Why invest offshore at all?
The merits of offshore diversification are old hat to most serious investors, but what is novel is the manner in which most investors go about getting this exposure. What we have seen over time, borne out by statistics from the Association of Collective Investments (ACI), is that only when the rand weakens substantially is there a stampede to invest offshore. Behavioural finance demystifies this phenomenon for us, explaining that people chase excess returns after the fact out of greed or fear. The practical reasons for diversifying are because foreign exposure lowers portfolio volatility due to foreign assets having a lower correlation with our local assets i.e. our stock markets do not necessarily move in the same direction or with the same magnitude. But is it really this simple, asks Candice Paine, head of Glacier Research.

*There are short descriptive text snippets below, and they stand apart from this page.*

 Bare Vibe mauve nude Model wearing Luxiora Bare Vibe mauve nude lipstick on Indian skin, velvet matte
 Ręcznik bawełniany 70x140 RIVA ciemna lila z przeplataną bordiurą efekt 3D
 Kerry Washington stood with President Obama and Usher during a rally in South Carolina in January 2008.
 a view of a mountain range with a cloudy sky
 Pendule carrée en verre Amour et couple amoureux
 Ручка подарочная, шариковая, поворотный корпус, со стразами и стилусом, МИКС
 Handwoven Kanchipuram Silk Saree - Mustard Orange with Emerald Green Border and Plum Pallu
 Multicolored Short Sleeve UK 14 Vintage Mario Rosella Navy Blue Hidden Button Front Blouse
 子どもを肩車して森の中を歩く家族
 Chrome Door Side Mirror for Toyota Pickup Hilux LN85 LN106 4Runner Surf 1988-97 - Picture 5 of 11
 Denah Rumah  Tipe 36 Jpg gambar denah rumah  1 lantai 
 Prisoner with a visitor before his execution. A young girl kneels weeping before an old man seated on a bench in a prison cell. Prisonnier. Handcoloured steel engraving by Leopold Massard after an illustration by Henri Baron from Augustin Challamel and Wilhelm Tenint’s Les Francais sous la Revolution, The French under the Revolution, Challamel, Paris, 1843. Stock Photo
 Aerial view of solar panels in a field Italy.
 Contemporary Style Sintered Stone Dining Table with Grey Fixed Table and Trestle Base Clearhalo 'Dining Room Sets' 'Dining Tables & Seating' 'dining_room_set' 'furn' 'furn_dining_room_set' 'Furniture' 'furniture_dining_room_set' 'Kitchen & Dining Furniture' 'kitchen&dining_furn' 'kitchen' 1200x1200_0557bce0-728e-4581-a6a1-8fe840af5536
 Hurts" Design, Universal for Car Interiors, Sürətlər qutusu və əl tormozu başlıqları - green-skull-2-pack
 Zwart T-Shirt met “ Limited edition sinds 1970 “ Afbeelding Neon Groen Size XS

People invest in various securities because they believe that they can earn greater returns than they can earn by simply depositing cash in a bank. This excess return is referred to as the risk premium, so called because you need to be rewarded with a premium if you are taking on more uncertainty aka risk. As far as this relates to shares, there has been ongoing debate for years as to how this premium is optimally calculated and includes a range of inputs from expected dividends to country specific risk, business risk and beyond. Nonetheless, the equity risk premium (ERP) exists and is used in the calculation of expected equity returns. (Expected equity returns = interest rate + ERP)
The most important point for a South African investor to note is that the ERP in emerging markets is higher than that of developed markets. Historically, our interest rates have also been higher than those of developed markets. If a shares expected return is calculated by adding the ERP to what you can earn in a bank deposit, then it stands to reason that expected stock returns in emerging markets are usually higher than those in developed markets. Throw in the tenet that developed markets are extremely efficient and hence make it nigh impossible to achieve excess returns over the longer term and you may be asking the question 'Why invest offshore at all?'
Well, most of the great returns South Africans have enjoyed from offshore investing have been due to the crazy exchange rate fluctuations we have seen in past years. The current perception is that in the recent past the currency has stabilised and so we wont see returns like that again. The currency is definitely more stable, but it is not as stable as you may think. While we arent seeing the sudden devaluations in excess of 65% as witnessed in the period 2000 to 2001, the currency has lost almost 17% since the beginning of 2006 and 27% since the beginning of 2005 against the US dollar. Add to this global equity market dollar returns which lately have been in excess of 10% pa and you are looking at satisfactory performance. Given that portfolios should be constructed for the longer term, even in the unlikely event of the currency stabilising completely, the foreign currency returns are not bad returns to have banked in the past couple of years. Your offshore exposure needs to be a strategic decision taking into account longer-term market relationships rather than tactical ones which exploit a particular view of the near term future.
At the time of writing this article, the rand-dollar exchange rate has firmed to levels last seen in the middle of 2006. This is an excellent time to buy offshore exposure for your portfolio if you have been missing it all along. Further, if you use the ACI figures as a contrarian indicator, very few investors spotted this blessing, so you may have an opportunity to lead the pack.